Content starts
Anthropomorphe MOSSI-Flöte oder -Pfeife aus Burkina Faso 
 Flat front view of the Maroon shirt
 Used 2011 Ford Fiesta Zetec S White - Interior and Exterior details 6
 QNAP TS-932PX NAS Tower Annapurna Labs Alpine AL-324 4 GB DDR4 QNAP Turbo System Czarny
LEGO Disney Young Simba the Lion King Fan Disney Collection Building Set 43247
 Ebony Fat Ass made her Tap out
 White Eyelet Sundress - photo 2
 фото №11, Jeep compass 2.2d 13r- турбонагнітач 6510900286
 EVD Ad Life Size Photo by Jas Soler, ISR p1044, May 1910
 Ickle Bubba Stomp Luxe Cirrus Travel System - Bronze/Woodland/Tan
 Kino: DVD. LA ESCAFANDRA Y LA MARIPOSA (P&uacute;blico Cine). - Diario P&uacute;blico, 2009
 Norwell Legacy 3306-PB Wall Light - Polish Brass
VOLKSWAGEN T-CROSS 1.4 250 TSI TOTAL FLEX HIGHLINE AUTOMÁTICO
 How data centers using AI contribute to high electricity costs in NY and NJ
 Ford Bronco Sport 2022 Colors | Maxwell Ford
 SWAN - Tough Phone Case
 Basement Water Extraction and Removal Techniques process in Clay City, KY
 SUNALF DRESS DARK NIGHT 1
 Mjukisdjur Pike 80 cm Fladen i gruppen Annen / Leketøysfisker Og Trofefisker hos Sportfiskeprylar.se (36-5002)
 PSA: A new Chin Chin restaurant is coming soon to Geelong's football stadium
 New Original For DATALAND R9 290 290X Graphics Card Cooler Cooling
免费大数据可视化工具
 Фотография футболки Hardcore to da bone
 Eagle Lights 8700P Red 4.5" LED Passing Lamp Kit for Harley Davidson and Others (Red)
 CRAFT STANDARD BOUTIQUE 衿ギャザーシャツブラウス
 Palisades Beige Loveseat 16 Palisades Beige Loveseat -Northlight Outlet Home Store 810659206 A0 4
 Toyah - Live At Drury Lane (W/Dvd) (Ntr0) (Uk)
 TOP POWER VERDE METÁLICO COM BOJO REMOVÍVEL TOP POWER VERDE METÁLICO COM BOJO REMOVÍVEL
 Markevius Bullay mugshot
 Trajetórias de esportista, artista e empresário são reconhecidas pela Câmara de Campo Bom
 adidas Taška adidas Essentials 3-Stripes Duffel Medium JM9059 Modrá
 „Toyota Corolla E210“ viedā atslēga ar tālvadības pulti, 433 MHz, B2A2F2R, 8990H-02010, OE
Content ends
Assigned task -> Find out how many lines of the listing above include the word "System", and give that number alone.

Answer for this exercise -> 2